Dataverse FAQ

Who may submit datasets to Dataverse?

Any employee (faculty/staff) or student of the University may submit datasets. 

Considerations:
George Mason University claims ownership rights to intellectual property, including data, generated with significant University resources. Therefore a researcher may not be able to claim sole ownership of his/her data and may need to consult with the University before placing the dataset in Dataverse. Please see University Policy 4011, Ownership and Maintenance of Research Records, for more information, or consult with the Office of Research for guidance as to whether you may make your data available through Dataverse.

Please consider whether other researchers or colleagues have rights to manage the release of the data, for example others involved with the grant, research activity, or laboratory, whether at George Mason or at another institution. If the answer to this question is yes, you must obtain their permission to deposit the data in the George Mason Universiy Dataverse.

What can be deposited in Dataverse?

Examples of appropriate data for deposit would include:

  • data already made publicly available through another repository
  • data required by a funding agency to be made publicly available (which does not include sensitive or confidential information)
  • data required by a journal to be made publicly available
  • scholarly data which does not include sensitive or confidential information

In all cases depositors should be careful to ensure that the content they submit contains no confidential or sensitive information. Sensitive and personally identifiable data is highly regulated under federal, state and University policy. Prior to supplying any data for public archiving and distribution, you must remove any confidential or sensitive information, student education records protected under FERPA, and all information that personally identifies any individual or that contains any information classified as highly sensitive under state or federal law, or George Mason policy.

For these purposes, highly sensitive data currently includes personal information that can lead to identity theft if exposed and health information that reveals an individual’s health condition and/or history of health services use. 

For details of each type, see the full text of the Removing Personally Identifiable Information checklist.

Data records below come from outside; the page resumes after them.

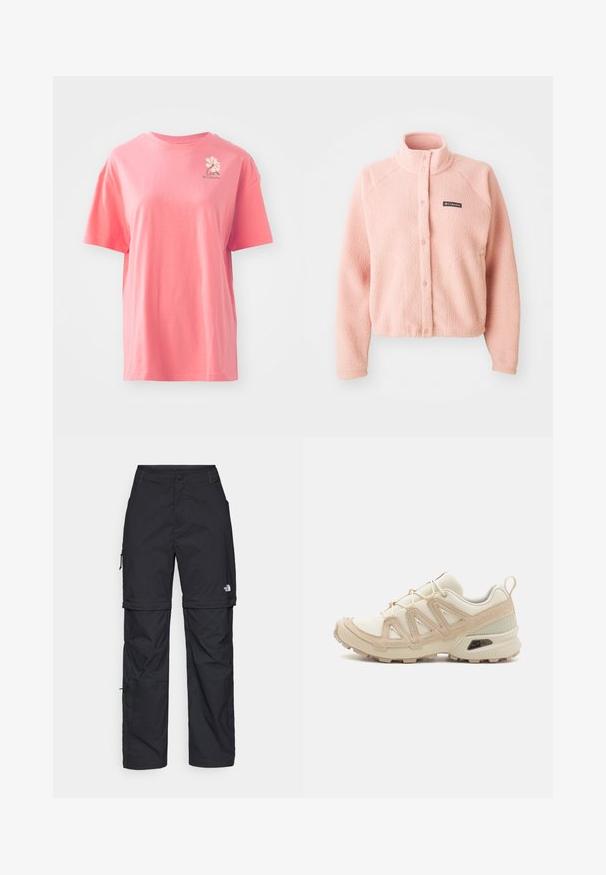 Mäkká ružová fleecová bunda so zapínaním na cvoky, vysokým golierom, dlhými rukávmi a logom Columbia na hrudi.; Tričko s krátkym rukávom v koralovo ružovej farbe vyrobené z bavlny s okrúhlym výstrihom. Obsahuje malé biele logo v hornej ľavej časti hrudi.; Čierne nylonové cargo nohavice s odnímateľnými nohavicami, nastaviteľnými manžetami, viacerými vreckami a logom na pravej nohe. Hladká, ľahká textúra.; Beige a krémová športová obuv s textúrovaným sieťovým zvrškom, podporujúcimi prekrytiami a gumovou podrážkou s dezénom pre trakciu.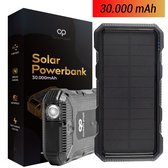 Optiq Products® Powerbank 30000 mAh – Solar Powerbank – Powerbank Zonneenergie – Wireless charger – Samsung en Iphone – 2 x USB – USB-C – (IP68) -Zaklamp-Zwart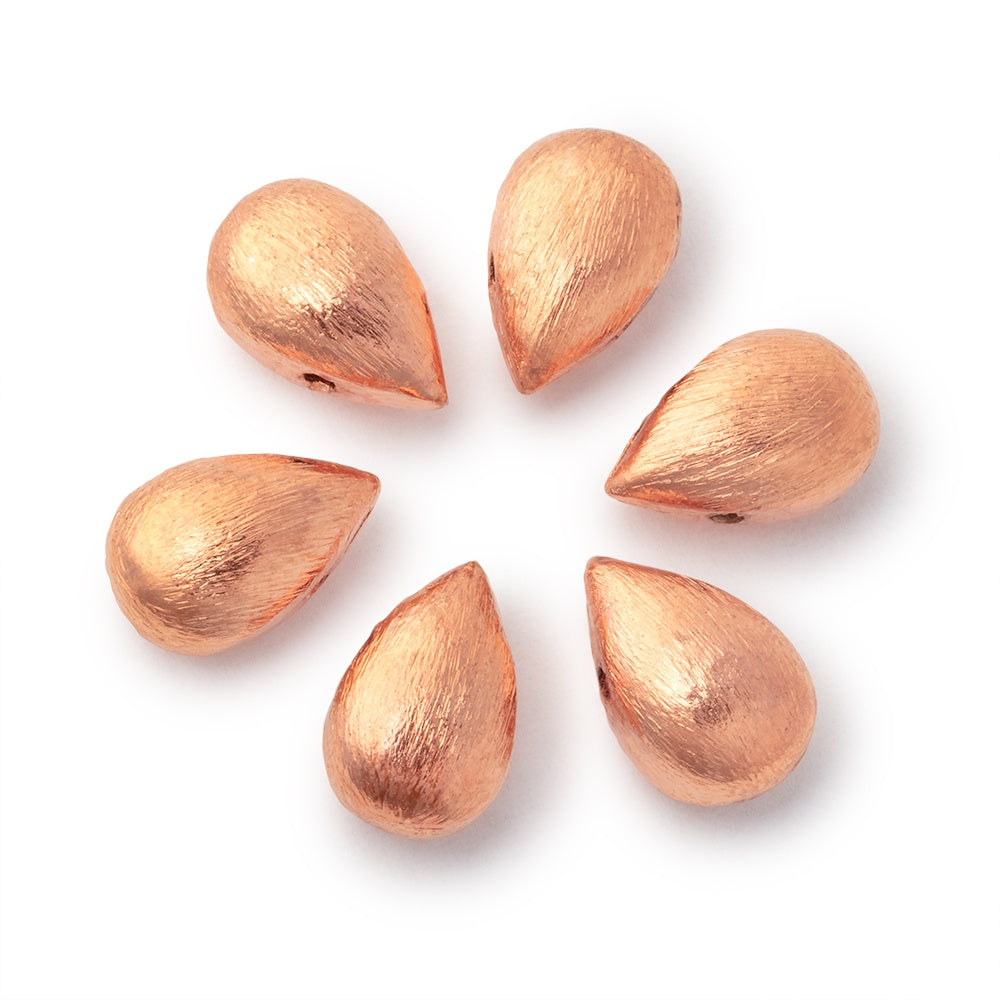 12x8mm Brushed Puffy Pear Set of 6 Beads - AtlantaFindingsCompany.com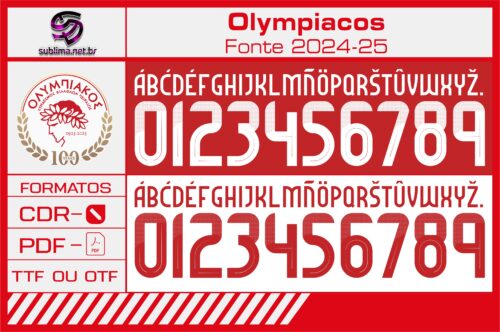 Arte vetor camisa Fonte Olympiacos 2024-2025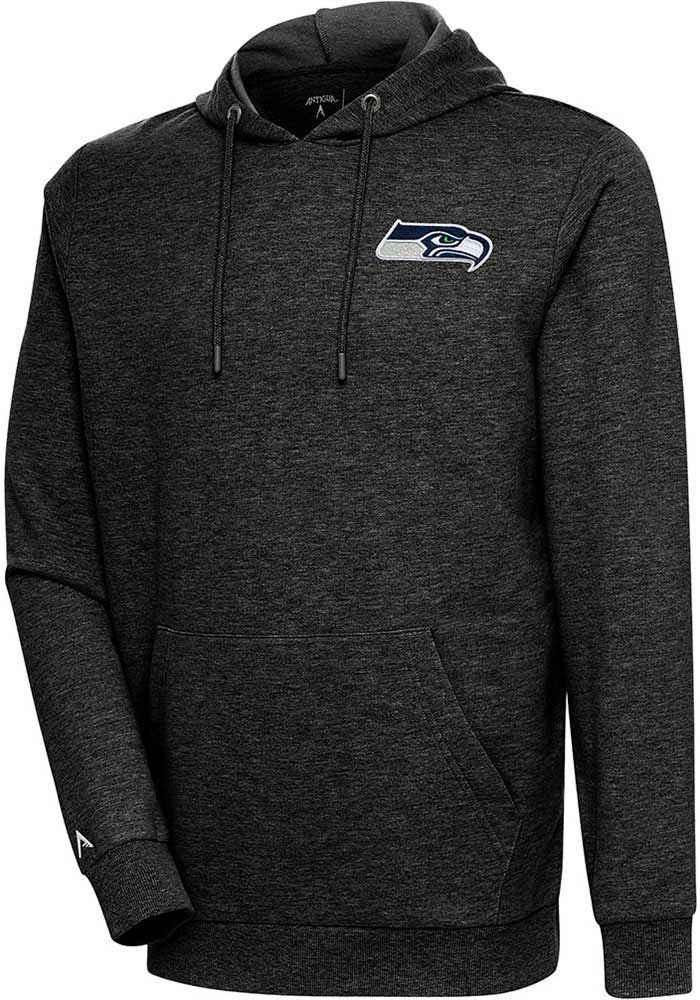 Antigua Seattle Seahawks Black Absolute Long Sleeve Hoodie, Black, 100% POLYESTER, Size L, Rally House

  1. Personal information that, if exposed, can lead to identity theft.
  2. Personally Identifiable Information (PII) is information that, if exposed, can be used on its own or with other information to identify, contact, or locate a single person, or to identify an individual in context.
  3. Health information that, if exposed, can reveal an individual’s health condition and/or history of health services use.

For more on University policy, see:

You should review the MARS Dataverse Dataset Public Deposit License now to gain a better understanding of the types of data that can appropriately be deposited for public access through Dataverse. You will also be asked to confirm the following points before data deposit:

  • That you have read the deposit license and affirm that you have the legal right and authorization to make this data publicly available online for world-wide unrestricted access through Dataverse
  • In preparing the data for public archiving and distribution, you have removed any confidential or sensitive information, student education records protected under FERPA, and all information that personally identifies any individual or that contains any information classified as highly sensitive under state or federal law, or George Mason University policy.
  • If the submission is based upon work that has been sponsored or supported by an agency or organization other than George Mason University such as the National Institutes of Health, the National Science Foundation, or a private sponsor or funder, you represent that you have fulfilled any right of review, confidentiality, or other obligations required by that contract or agreement.
  • You represent that you have made a reasonable effort to ensure that the data contained in your submission is accurate.
  • You represent that you have appropriately acknowledged other researchers whose work contributed to the data.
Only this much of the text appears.